Perché la messa a terra non basta

Gli elettrodomestici ad alto assorbimento, tecnicamente definiti carichi resistivi, sono i primi sospettati. Le asciugatrici rappresentano una delle criticità più sottovalutate: non è solo una questione di motori, ma di lanugine.

Lavatrice 24042026 Mistergadget.tech
Perché la messa a terra non basta-Mistergadget.tech

Questi minuscoli residui di fibre tessili si accumulano vicino alle resistenze di riscaldamento; basta una scintilla o un surriscaldamento localizzato perché si trasformino in un innesco perfetto. Anche lavatrici e lavastoviglie, nonostante l’apparente legame con l’acqua, nascondono rischi legati ai guasti dei motori o a malfunzionamenti delle schede elettroniche che, se sottoposte a cicli prolungati, possono generare temperature critiche.

C’è poi una questione di “pressione” elettrica. Quando colleghiamo forni o stufette a prese multiple o alle comuni “ciabatte”, creiamo un collo di bottiglia. I contatti interni di questi accessori economici spesso non sono progettati per reggere carichi continui da 2000 o 3000 Watt. Il calore fonde la plastica dei frutti elettrici molto prima che i cavi vadano in cortocircuito, rendendo inutile qualsiasi sistema di sicurezza a monte.

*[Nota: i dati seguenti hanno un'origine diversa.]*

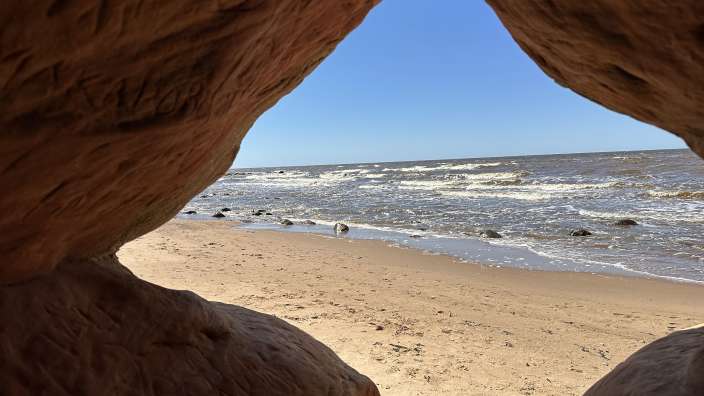 Ein Blick auf den Strand aus einer Höhle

Un aspetto spesso ignorato riguarda le connessioni allentate, i cosiddetti innesti deboli. Un morsetto non serrato correttamente all’interno di una presa a muro o di una spina crea una micro-resistenza. Qui nasce l’arco elettrico, una scarica costante che agisce come una piccola fiamma ossidrica invisibile.

Incredibilmente, molti incendi domestici iniziano da apparecchi spenti ma ancora collegati alla rete, poiché la tensione continua a sollecitare componenti logorate o connessioni precarie. È interessante notare come, in alcuni modelli di climatizzatori di vecchia generazione, la polvere accumulata sui cuscinetti del compressore possa agire da isolante termico, impedendo al motore di raffreddarsi e portandolo lentamente alla temperatura di auto-accensione dei polimeri circostanti.

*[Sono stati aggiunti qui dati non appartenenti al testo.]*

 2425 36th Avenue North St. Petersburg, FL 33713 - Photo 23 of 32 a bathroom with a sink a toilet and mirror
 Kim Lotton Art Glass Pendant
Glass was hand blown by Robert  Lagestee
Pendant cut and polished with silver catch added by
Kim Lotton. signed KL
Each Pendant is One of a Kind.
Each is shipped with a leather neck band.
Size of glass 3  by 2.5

La messa a terra interviene quando la corrente “esce” dal circuito previsto per toccare la scocca metallica. Se però il guasto avviene tra i due poli attivi (fase e neutro) o per eccessivo assorbimento (sovraccarico), la corrente continua a scorrere regolarmente nel circuito, pur generando un calore distruttivo. L’arco elettrico non è una dispersione verso terra, quindi il differenziale non avverte alcuna anomalia.

Anche la gestione dei cavi gioca un ruolo cruciale. Un cavo elettrico attorcigliato su se stesso o schiacciato sotto un mobile crea un’induttanza o un danneggiamento dell’isolamento che degrada nel tempo. La manutenzione non deve essere vista come un eccesso di zelo, ma come l’unico modo per verificare l’integrità di componenti che, per loro natura, sono destinati a consumarsi sotto lo stress termico quotidiano.